Every exhibit. Every objection. To the second.
The Record is JurisOS's exhibit dashboard: your exhibit list as a visual board, your witnesses on a clock, and a record built for appeal while you try the case. All case data below is fictional.
The Stand — Witnesses On A Clock
Call a witness and the clock starts. Every examination segment is attributed to the side asking — direct, cross, redirect — with breaks kept off the clock, per-witness totals, and a running tally of examination time per side. When the court allocates trial hours, you know exactly where yours went. Closing notes and key quotes pin to each witness the moment they say them, tagged Quote, Admission, Impeachment, or Theme.
Your Exhibit List, As A Board
Upload the exhibit list and the exhibits: every exhibit becomes a card — numbered from your list, with a preview image of the actual document, its Bates range, and its live status. Introduce an exhibit through the witness on the stand and it's stamped to the second; green means admitted, red means excluded, gold means an objection is waiting on a ruling. Exhibits can come in through multiple witnesses, and the board tracks every introduction.
Search Inside Every Exhibit
Can't remember which exhibit has the phrase you need? The full text of every exhibit is baked into the board — including scanned documents, which are OCR'd — so one search finds every exhibit containing your words, with hit counts and highlighted snippets right on the cards. Mid-cross, "verified as accurate" is three keystrokes away from the document that says it.
Objections Preserved, Rulings Captured
An objection not asserted is waived — so The Record makes asserting it effortless. Log the objecting party and grounds in two taps, then rule it Sustained, Overruled, or Reserved right from the card the moment the court speaks. Every exhibit keeps a complete timeline — every introduction, every objection, every ruling, every disposition, time-stamped — and any correction is logged on the record too.
The Report Writes Itself
At any recess, generate a branded exhibit report — by witness, by several witnesses, or the whole case — sorted by witness then exhibit number, with introduction times, objections and rulings, dispositions, your closing notes, and per-witness examination time. Print it, save it as a PDF, or export CSV for Excel.
One Trial, One Site
Running both products? They live on one matter site with a single click between them — The Box for the morning you pick the jury, The Record for every day after. Same login, same screen, no juggling websites in front of the judge. Both dashboards work offline at counsel table and sync live between co-counsel when connected.
Completely Customizable
Every dashboard is built for your case and your firm — your caption, your court's rules, your party labels (state, federal, or arbitration), your firm's colors. If you want it in there, it goes in there.
Want To Drive It Yourself?
The screenshots are the tour — the live demo is the test drive. Book a walkthrough and we'll run a mock jury selection and a mock examination together on live dashboards, with all-fictional data. Video walkthroughs are also in production.
One trial.
One flat fee.
You go to trial a few times a year.

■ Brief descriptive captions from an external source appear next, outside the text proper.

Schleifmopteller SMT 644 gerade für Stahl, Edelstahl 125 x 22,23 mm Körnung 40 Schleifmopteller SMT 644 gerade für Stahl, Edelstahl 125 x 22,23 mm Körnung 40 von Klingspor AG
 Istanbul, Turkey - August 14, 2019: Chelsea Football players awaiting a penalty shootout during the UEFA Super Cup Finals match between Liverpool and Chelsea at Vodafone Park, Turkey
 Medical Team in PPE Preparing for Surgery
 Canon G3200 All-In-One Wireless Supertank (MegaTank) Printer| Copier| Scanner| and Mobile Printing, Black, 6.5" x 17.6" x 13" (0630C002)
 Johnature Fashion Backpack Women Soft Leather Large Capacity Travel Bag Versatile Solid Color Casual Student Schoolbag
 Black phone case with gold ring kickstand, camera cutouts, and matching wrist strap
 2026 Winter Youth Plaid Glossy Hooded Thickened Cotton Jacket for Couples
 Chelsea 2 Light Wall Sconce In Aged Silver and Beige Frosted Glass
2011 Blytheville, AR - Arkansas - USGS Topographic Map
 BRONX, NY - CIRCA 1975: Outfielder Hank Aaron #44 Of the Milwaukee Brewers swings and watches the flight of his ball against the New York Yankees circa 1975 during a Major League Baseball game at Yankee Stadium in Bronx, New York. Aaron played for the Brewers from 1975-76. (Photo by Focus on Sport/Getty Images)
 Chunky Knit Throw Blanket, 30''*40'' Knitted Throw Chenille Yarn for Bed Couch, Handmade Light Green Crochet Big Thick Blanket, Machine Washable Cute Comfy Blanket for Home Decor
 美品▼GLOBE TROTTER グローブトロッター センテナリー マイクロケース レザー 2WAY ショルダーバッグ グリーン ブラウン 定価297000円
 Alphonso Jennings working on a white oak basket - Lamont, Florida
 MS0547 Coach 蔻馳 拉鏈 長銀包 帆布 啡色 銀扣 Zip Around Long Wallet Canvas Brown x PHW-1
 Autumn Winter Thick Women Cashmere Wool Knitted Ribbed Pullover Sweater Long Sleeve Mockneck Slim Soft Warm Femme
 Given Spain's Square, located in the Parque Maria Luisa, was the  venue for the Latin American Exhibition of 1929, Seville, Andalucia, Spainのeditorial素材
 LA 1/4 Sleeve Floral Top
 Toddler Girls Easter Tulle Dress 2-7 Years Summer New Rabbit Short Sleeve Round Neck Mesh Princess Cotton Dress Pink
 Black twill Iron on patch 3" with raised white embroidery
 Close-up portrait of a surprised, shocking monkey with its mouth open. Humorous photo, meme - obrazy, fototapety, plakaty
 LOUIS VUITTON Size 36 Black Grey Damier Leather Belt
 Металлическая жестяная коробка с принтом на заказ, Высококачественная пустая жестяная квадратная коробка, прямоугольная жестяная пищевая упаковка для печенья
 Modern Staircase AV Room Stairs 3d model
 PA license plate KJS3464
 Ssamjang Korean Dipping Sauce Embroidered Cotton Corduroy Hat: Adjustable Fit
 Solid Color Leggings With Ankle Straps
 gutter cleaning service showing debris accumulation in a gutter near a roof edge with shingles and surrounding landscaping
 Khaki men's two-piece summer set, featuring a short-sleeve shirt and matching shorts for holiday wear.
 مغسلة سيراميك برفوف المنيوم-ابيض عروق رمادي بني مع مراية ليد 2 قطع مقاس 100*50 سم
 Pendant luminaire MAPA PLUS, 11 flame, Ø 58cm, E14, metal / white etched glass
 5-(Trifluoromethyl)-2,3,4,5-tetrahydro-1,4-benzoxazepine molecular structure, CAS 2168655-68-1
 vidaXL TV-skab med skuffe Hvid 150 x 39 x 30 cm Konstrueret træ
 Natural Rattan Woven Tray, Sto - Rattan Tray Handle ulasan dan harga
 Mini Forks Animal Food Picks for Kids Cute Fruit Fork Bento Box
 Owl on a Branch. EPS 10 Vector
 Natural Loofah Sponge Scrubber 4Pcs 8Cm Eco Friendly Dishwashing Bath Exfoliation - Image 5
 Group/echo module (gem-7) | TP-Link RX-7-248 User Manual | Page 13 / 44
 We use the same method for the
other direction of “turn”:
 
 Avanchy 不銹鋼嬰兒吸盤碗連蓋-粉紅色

You shouldn't pay for trial software every month you're not in trial.
Why No Subscription
Subscription pricing makes sense for software you use every day. Trial isn't that. JurisOS is priced like the trial tool it is: $1,000 per product, per trial — or $1,500 for both — paid once, for the trial you're actually in. When your next trial comes, we build your next dashboard.
Every dashboard is prepared for your specific case — caption, court, jurisdiction rules, exhibit list, questionnaires if you have them — and delivered ready to open at counsel table, no install and no account.